Case 2: Measuring Sporadic Events
Figure 6. The FastFrame averaged frame summary provides a way to make high-resolution measurements of uncommon signals (in this case, noisy signals).
FastFrame averaging frames provide stable waveforms that can be used to measure unusual, noisy signals. As shown in Figure 6, 1000 noise pulses are captured, summed and averaged. The resulting waveform can be measured, providing very high time resolution pulse width measurements of noisy signals.
Case 3: Decoding a burst serial signal
Figure 7. Segmented memory captures analog/digital serial bus signals and decoded waveforms for each bus, capturing bus activity and ignoring dead time between packets.
Segmented memory allows more efficient use of the oscilloscope’s record length. As shown in Figure 7, the IC serial bus is inactive about half of the time. Using FastFrame effectively doubles the available record length.

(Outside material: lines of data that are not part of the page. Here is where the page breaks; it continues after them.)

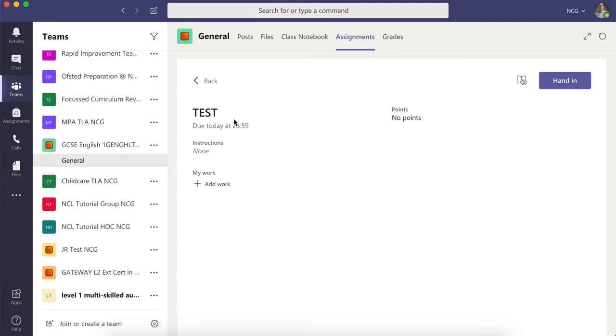This is the view that you will see. You may have some instructions here, some deadlines, and sometimes there are templates of work for you to work from. To add your work that you've completed...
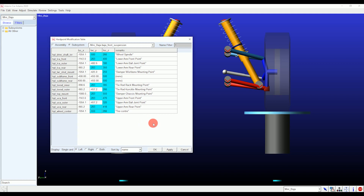As you can see, the hard points changed are shown in blue. Now click Apply and then Cancel to close the window.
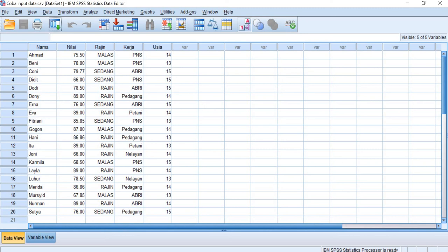Hello everyone, this recording is to calculate the descriptive statistics especially for nominal and ordinal data. In the previous video we have learned about how to analyze using the descriptive statistics for ratio data. This is for nominal and ordinal data.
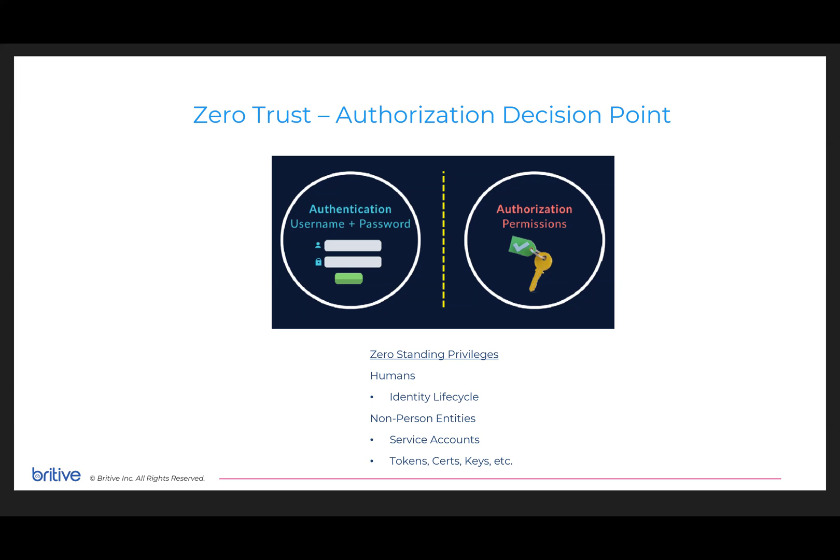Where Britive's value prop is: actually separating out the authorization, the authorized permissions. What that means is even if someone takes credentials and they can log into an environment, they do not have access to the roles, groups, or permissions they may need unless they also come through Britive where decisions are applied. This doesn't apply only to humans.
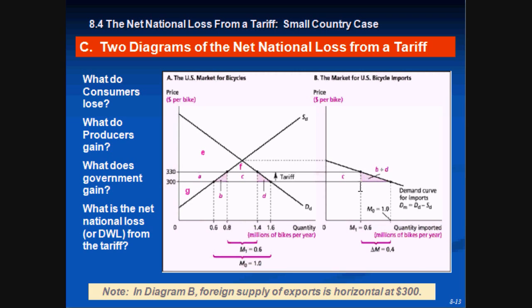This little triangle represents the deadweight loss B and E, and C represents the government's net tariff gain from imposing the tariff.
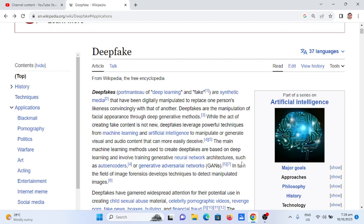So what is deepfake? A synthetic media that have been digitally manipulated to replace one person's likeness convincingly with that of another.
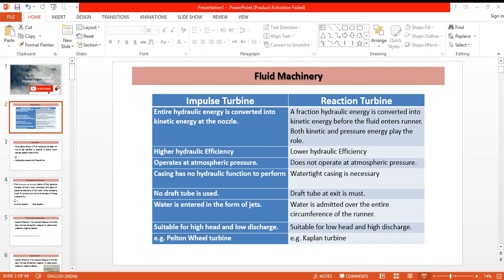When the river reaches a plain and many tributaries join together, the discharge increases. In that case we have low head and high discharge, so a reaction turbine may be suitable. Examples of impulse turbines are Pelton wheel turbines; on the other hand, Kaplan turbine is an example of a reaction turbine.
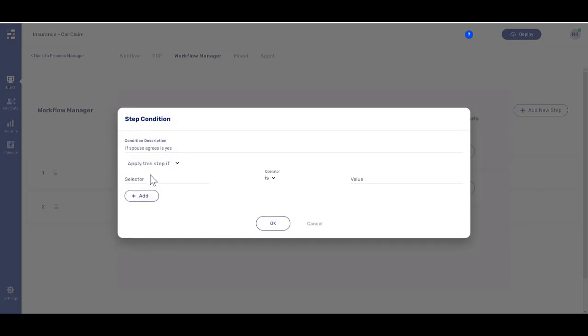A condition consists of at least one logical expression with the following parameters: selector, operator, and value.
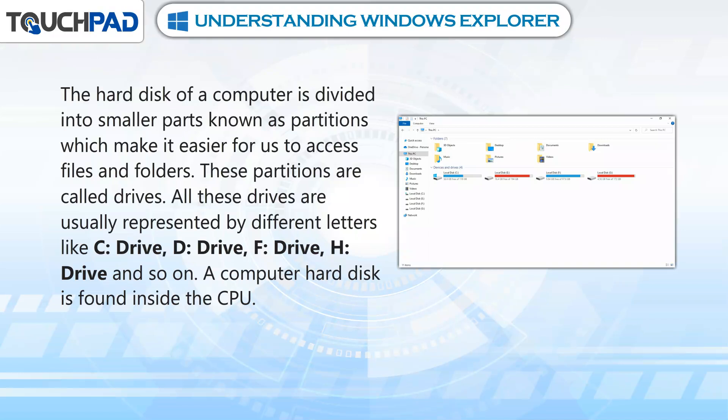These partitions are called drives. All these drives are usually represented by different letters like C drive, D drive, F drive, H drive, and so on.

In this test setup, one bus was captured using an analog channel and the other was captured using a digital channel, and the bus waveforms decoded from both buses can be easily compared.
In addition to displaying the decoded bus waveform for the selected frame on the display, the time stamp data can also be displayed in the results table in tabular form. Further offline analysis and reporting is possible, and the entire acquired decoded bus information can be exported to a .csv file.
Case 4: Comparing Rare Events and “Standard” References
Figure 8. FastFrame can also be used to visually compare specific details between the acquired signal and a standard reference waveform.
The last example in Figure 8 shows a manual comparison between a stored FastFrame “standard” waveform reference and a FastFrame capture. The reference signal is taken from a known-good device and loaded into the reference waveform. Using the reference waveform controls, you can select a specific frame of interest and then capture a similar signal on another device under test using the same acquisition settings. The frame setting controls can be used to time-align the acquired frame to the reference frame for Compare.
Take advantage of the FastFrame segmented storage mode to increase memory usage and preserve waveform detail to meet the challenges of capturing infrequent signals The data.